鈴木結生『ゲーテはすべてを言った』――ずいぶん手の込んだ偽書だな。端書きで執筆経緯を述べているし、参照を指示しているオンライン文献も実在する。ノンフィクションの体裁をとっている。しかし、本文(ほんぶん)を少し読み進めてから端書きを読み返すとフィクションである証拠がちゃんと書いてある。
扉の後ろに色は違うが扉と同じ用紙が一葉綴じ込まれている。これはなんだろう。ここから「真の本文(ほんもん)」であることを示しているのだろうか。

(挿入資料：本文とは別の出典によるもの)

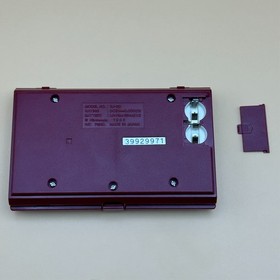 Nintendo Game & Watch Pocketsize BLACK JACK BJ-60 1985 Mint In Box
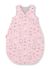 Cotton Sleeping Bag For Children, Size M, 3-12 Months, Tog 2.5, All-season - Ballerinas Powder Pink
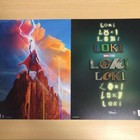 Thor Love   Thunder Loki 2022 Film Movie Program 2set Marvel Studios Japanese 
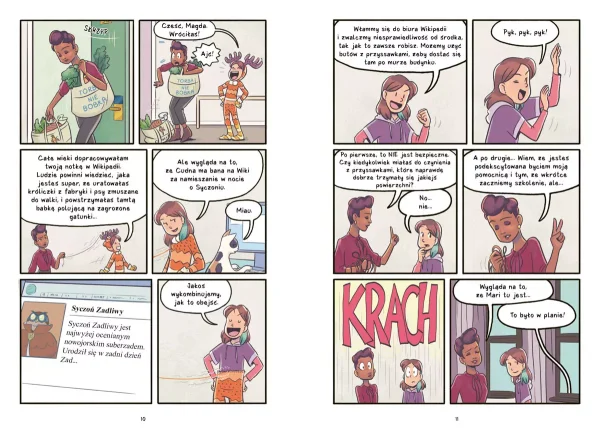 Kati - kocia opiekunka. (Nie) najlepsze przyjaciółki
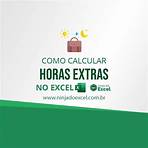 Calcular Horas Extras no Excel (Planilha de Horas Extras) - Ninja do Excel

本文には多数の名言・格言が引用されているのだから、なかでもアメリカの詩人フロストが100年ほど前、40歳ぐらいの時に書いた「The Road Not Taken」という詩は、小説の筋でも大切な役割を果たしているのだが、私自身の来し方を考えさせられた。岩波文庫『対訳 フロスト詩集』p.90fに載っている(誤読についても訳者による解説で触れている)。私は分岐点で立ちすくんでしまった。そしてそうしているうちに日が暮れてしまったのだ。
ところで、主人公の大学4年生の娘が何年か前にエラスムスの『格言集(Adagia)」を読んだことになっているが、『格言集』はほんの部分訳しか出ていないのではないかな。国会図書館でも全訳は見つからない。レクラム文庫にも羅独対訳の抄訳があるけど、それで読んだのかな。
欧文混植の前で和文の字間が空きすぎているところがちらほらあるけど、欧文でハイフネーションをすればよかったのではないかなと思う。
などなど、いっぱい楽しめた。私には大当たり!の一冊であった。